The film is hard to watch, not just because of everything
mentioned above but mostly because the lighting, framing and blocking is
atrocious. From a technical point of view, this is amateur (two) hour(s),
because it’s aggravatingly difficult to see what’s going on in most scenes.
Most scenes are lit poorly, while some aren’t lit at all, so you’re staring at
near pitch-blackness as you struggle to make out what you’re looking at. Sure,
the mall is meant to be dark and spooky and haunted, but when you can’t see
what’s happening then what’s the point of watching? When you can actually see,
the film manages to screw things up anyway, often throwing blinding light
sources in your face (Vishnu constantly points his flashlight directly into the
camera, meaning you can’t see anything anyway), or there’ll be something in the
way of the shot, blocking it. As such, it’s an ugly and cluttered movie. It’s
abundantly clear that the filmmakers don’t actually understand horror movies or
how tension and atmosphere are meant to work. Every attempt made has been
stolen, poorly, from other horror movies. Darr is often embarrassing in the way
it shamelessly steals ideas and imagery from other horror movies and shoves
them on screen. You can often even pick exactly what movie they’re liberally
copying, from the yellow raincoat-clad ghost from Dark Water, to the rusty
nightmare realm of Silent Hill. None of these things mesh well, or even have
any bearing or significance to the plot; they’re just there seemingly because
the filmmakers saw it worked in other horror movies and decided to steal it.

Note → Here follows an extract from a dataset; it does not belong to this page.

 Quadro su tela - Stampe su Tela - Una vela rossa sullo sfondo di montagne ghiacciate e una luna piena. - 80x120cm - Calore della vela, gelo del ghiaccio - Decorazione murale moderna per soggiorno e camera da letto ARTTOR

It’s not homage or a reference, it’s just taking bits and pieces form other
films and stapling them onto your own. Even other small details, like how the
mall is called the Amity Mall, are almost painful little references.
Because this is a movie from Bollywood, we get music numbers
thrown in. No, it’s not what you’re thinking – it isn’t a musical and the
characters don’t suddenly burst into song or sing their predicament. That would
have at least been funny. Instead we get the equivalent of an obnoxious music
video spliced into the middle of the film, a glitzy club-music track I assume to be
titled Pina Colada, because that’s what the girl who looked like a pig in
lipstick rolled into latex and fishnet stockings singing it kept repeating over and over again. It
comes out of nowhere, has nothing to do with the story or any of the characters,
fucks up the tone and is gone, never mentioned again. Another scene also has a
music track, complete with lyrics, play for no reason. The scene seems to end
and the song stops as we cut away and the film’s ‘plot’ continues for a few
minutes, but then we cut back and the song resumes from where it’d stopped
mid-lyrics, which is the weirdest thing ever. It’s important to note that these
songs were apparently actually written specifically for this movie, because
that’s how Bollywood works. The other music, from atmospherics to incidental
pieces are often out of place or silly. The building-tension noises sound like
they’re stolen from cheesy 80s cartoons, and any attempts at spooky horror
sounds are almost like parody versions of the music from actual horror movies.